In high school, we didn’t have computers, but I had a great electronics teacher who said education is outside the school too. I got to go down once a week to Sylvania in Sunnyvale and program a computer. I was like, in my mind, the star of my school. Of course I was a nerd, an outsider, because I was an electronics geek. But I got to go program a real computer!
So I never had a book, I never had a class, I just had pencil and paper and tried to formulate methods to design a computer out of the smaller parts, the little chips that were available. I did it for fun. I never thought I would even have a job designing computers. I didn’t think there were such jobs.
FK: How do you keep innovation alive when you are growing a company? How do you stay ahead of the curve?
SW: In the early days of Apple, it was just so free. Almost everything we touched turned to gold. It was a new industry and there was a lot of positive press. The computer was built on parts connected to a printer — that changed the world for people forever. You could plug a printer into your computer. You had a part to plug into a modem. You could turn your computer into a terminal. These were new things, so this is what I loved to do. I would’ve done that anyway. Back then, the innovation was all really on me, I was the only engineer for a while.
We were revolutionary, we had the best product in the world, we had a real high price, but our product cost less to build than the ones with the low price. We had a company. We had investors. We had advisers. We had professionals around telling us how to establish a company — you need a president, director of operations, and here’s what he does. Investors were telling us all the people we needed and what their roles would be. At that time, Steve didn’t have an official title. You just participated in everything and learned how to run everything. But I hate politics, so I said, leave me out of running the company, just don’t kick me out.
I stayed in the laboratory. I wanted to do hardware, software for the rest of my life. I believe engineers are the best people in the world, and I wanted to be an engineer for life. I never wanted to move up the management ladder. Engineers are where brilliant ideas can become reality. There were a lot of great ideas, but they are not worth much on paper. You better have some working model; you better have an engineer who can build it.

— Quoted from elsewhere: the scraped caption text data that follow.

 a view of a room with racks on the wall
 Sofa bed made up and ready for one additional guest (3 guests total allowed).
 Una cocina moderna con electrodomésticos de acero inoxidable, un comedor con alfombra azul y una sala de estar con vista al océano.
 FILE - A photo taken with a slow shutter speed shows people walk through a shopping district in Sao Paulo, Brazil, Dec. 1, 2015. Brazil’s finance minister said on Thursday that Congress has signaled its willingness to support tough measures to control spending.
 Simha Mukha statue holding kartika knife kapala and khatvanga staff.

When you design something, it has to work. It has to do the job. You have to take every precaution, because one little bug will come back to haunt you. That is what engineering is about, and you need that kind of precision when you are thinking out what kind of things do we put in a product.
FK: Is innovation something you are born with or is it something you can learn?

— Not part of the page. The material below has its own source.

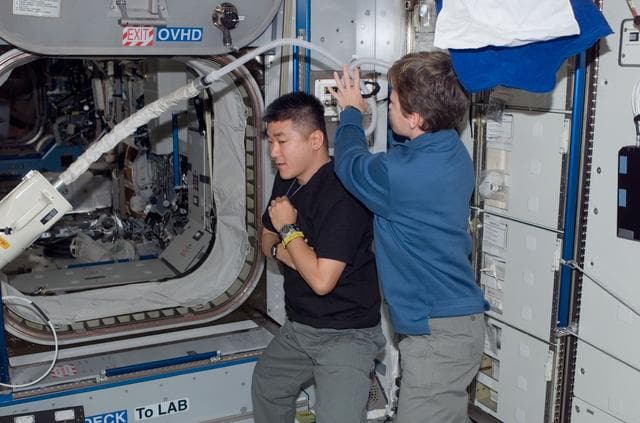NASA image: Whitson gives Tani a haircut in Node 2
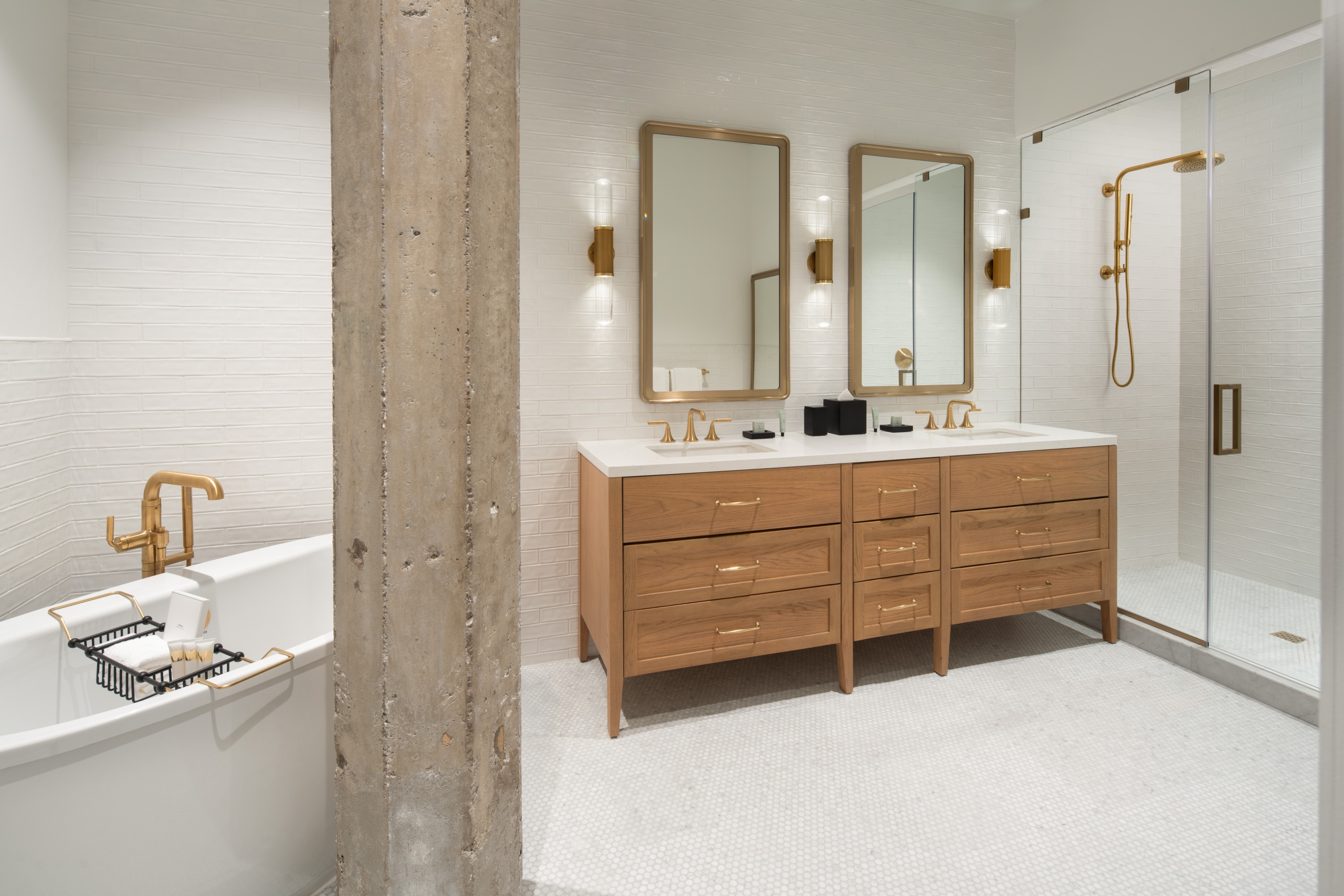 A bathroom with two-person vanity and large soaking tub in a suite at Asher Adams Hotel, Salt Lake City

SW: My own thinking is that you are not born with it. I think everybody is born equally curious. Every little baby wants to learn everything about anything that starts to come into their eyes.
We are all born that way, but that doesn’t mean we’re all going to fit in a box and follow the same course. You have to take the same tests and you are called intelligent if you have the exact same answers as everyone else. But if you think differently and try to come up with answers that aren’t in the book, or if you challenge that thinking, you are called disruptive.
In schools there are 30 kids and one teacher, and you can’t have every kid doing everything randomly and independently. It doesn’t work in our system because of money. We don’t have one teacher per student. So we are trained all our lives to not be innovative.
I would do a lot of things outside of school. With my science fair projects, I discovered thinking about a problem and how to solve it. I was just lucky to be a creator, to create things on my own, and not just read about them in books.
I had no idea that in 1975 all the pieces were going to be there at the right price to make the personal computer affordable. I didn’t know that when I was learning. That wasn’t my goal. My goal was I wanted a computer of my own someday, because a computer sounded impressive.